Link propagation: A fast semi-supervised learning algorithm for link prediction

Citation

Kashima H., Kato T. , Yamanishi Y. , Sugiyama M and Tsuda K (May-2009) Link Propagation: A Fast Semi-supervised Learning Algorithm for Link Prediction In: SDM 2009, 2009 SIAM International Conference on Data Mining, Philadelphia, PA, USA, Society for Industrial and Applied Mathematics, 1099-1110.

Online version

PDF

Summary

This Paper adopts a semi-supervised algorithm known as "label propagation" and successfully transfers the original one which focus on node labeling to solving Link Prediction task. It also solves the problem of combining topological data and node information in the prediction algorithm.

Key Ideas

Mapping between node labeling and link prediction.

Label Propagation is a semi-supervised algorithm which successfully combines topological features and node information in predicting nodes' label(assigning a label for each node on a graph). And the paper we are talking about find a mapping between node labeling and link prediction by treating each link as a triplet $(x_{i},y_{j},z_{t})$ , where $x_{i}$ and $y_{j}$ represent two nodes and $z_{t}$ represents a type of link. As the method of this paper also supports the prediction of multiple type of link, if there is only one type of link, we can just set $z_{t}$ to 1 constantly.
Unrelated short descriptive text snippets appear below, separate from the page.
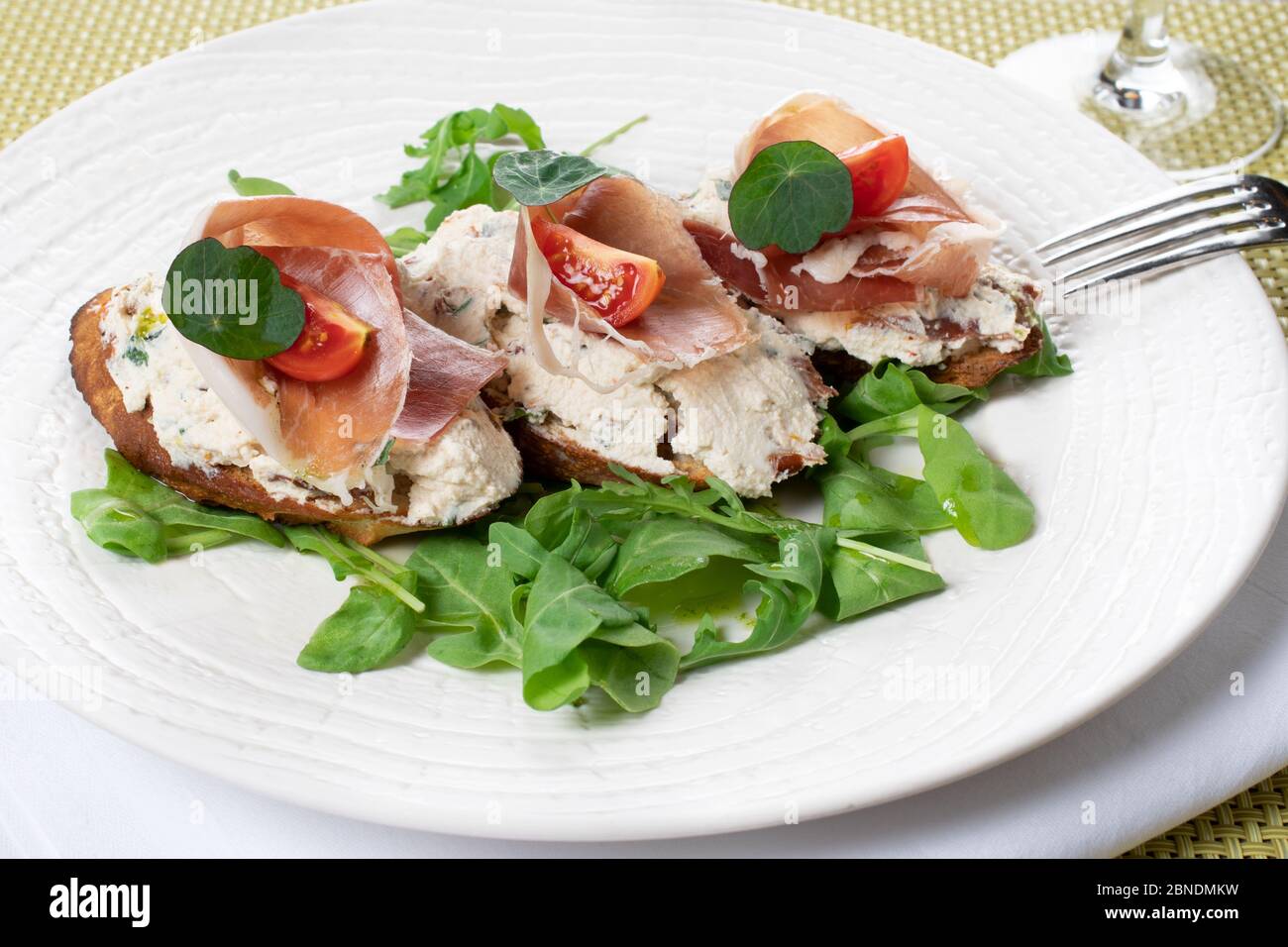 Crostini mit geräuchertem Ricotta, sonnengetrockneten Tomaten ...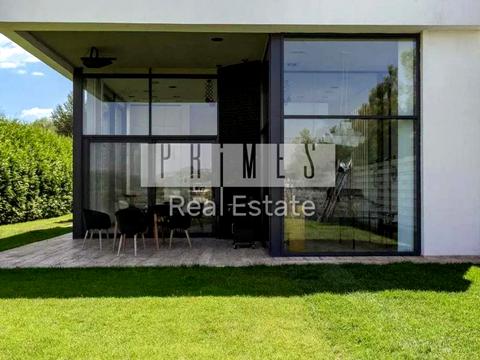 будинок за адресою с. Лісники, Вишнева вул.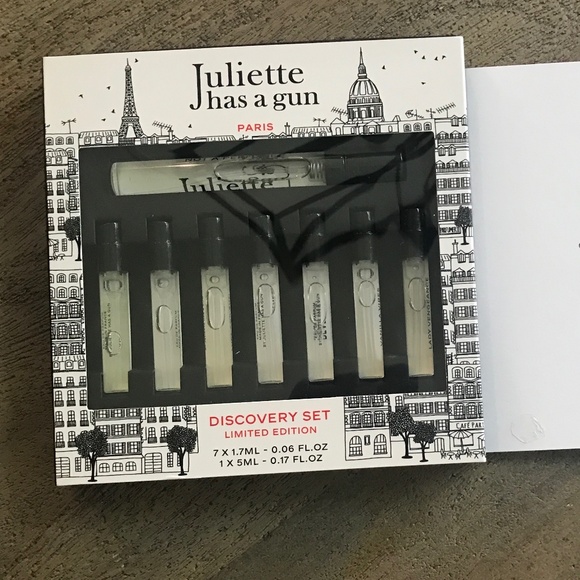 Juliette has a gun - Picture 1 of 2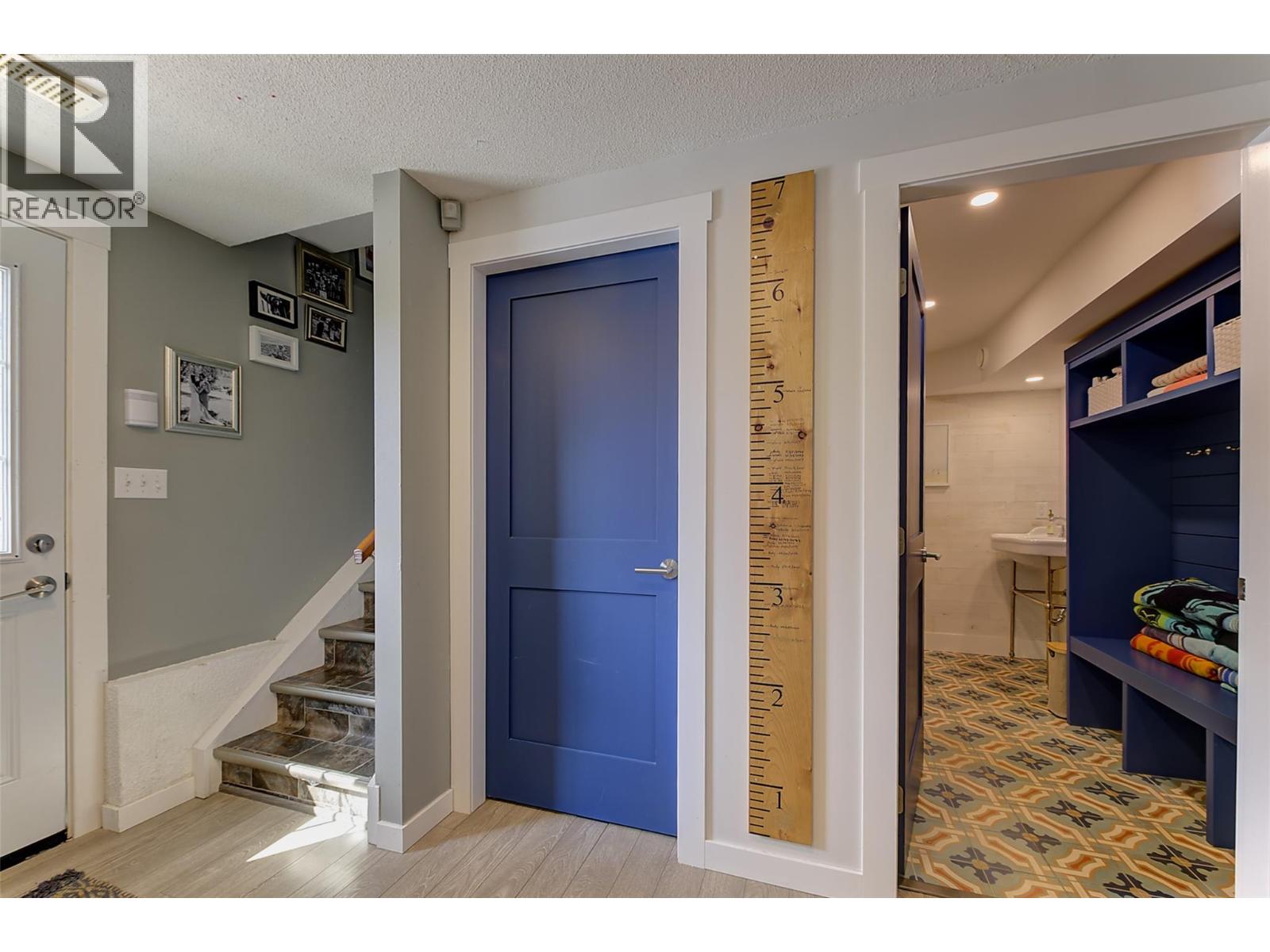 1126 Pinecrest Lane, Kelowna, British Columbia  V1Y 4L5 - Photo 48 - 10399066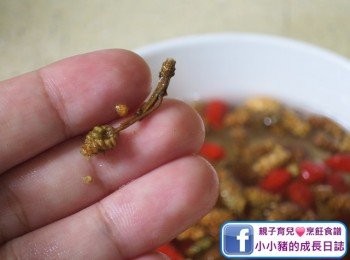 step3: 部份桑椹會有啲小枝，所以記得要浸洗前要剪走先呀~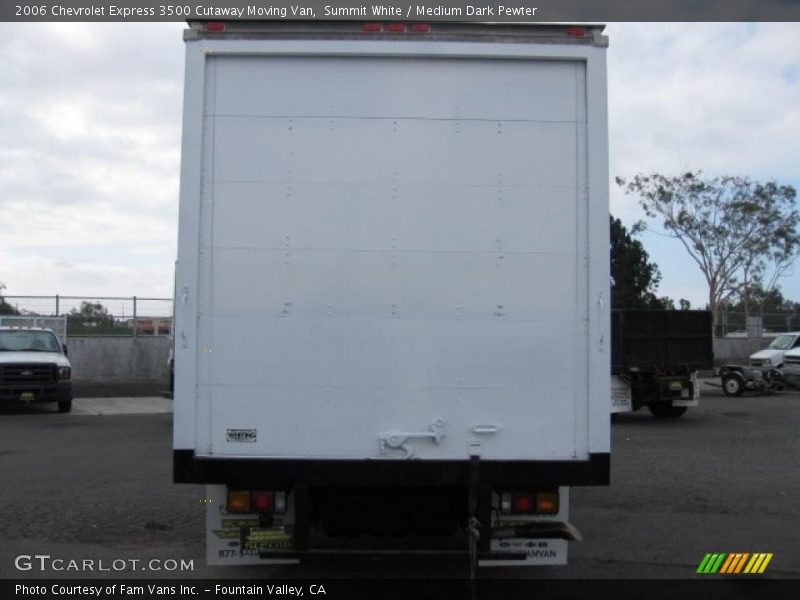 Summit White / Medium Dark Pewter 2006 Chevrolet Express 3500 Cutaway Moving Van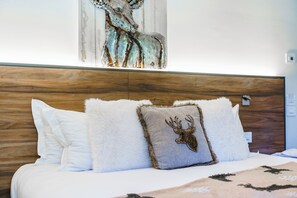 خزنة داخل الغرفة ومكتب ومساحة عمل للكمبيوتر المحمول وستائر تعتيم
And we treat this triplet as one node and consider a problem of assigning two possible label, 0 or 1, for each this triplet and 1 stands for this link exists and 0 otherwise.

Use Conjugate Gradient Method to solve the minimization problem

The Idea of The Original Node Labeling Algorithm

The goal is to derive a $f(x)$ for every node $x$ which means the probability for this node to have a label "1". And $f$ function has to agree on the training data which we already know the labels.
With an input of similarity matrix of nodes $w_{i,j}$ and the base assumption is that similar nodes should have similar labels
Have a cost function on the assumption and the goal is to find a $f$ which minimize the loss function $E(f)$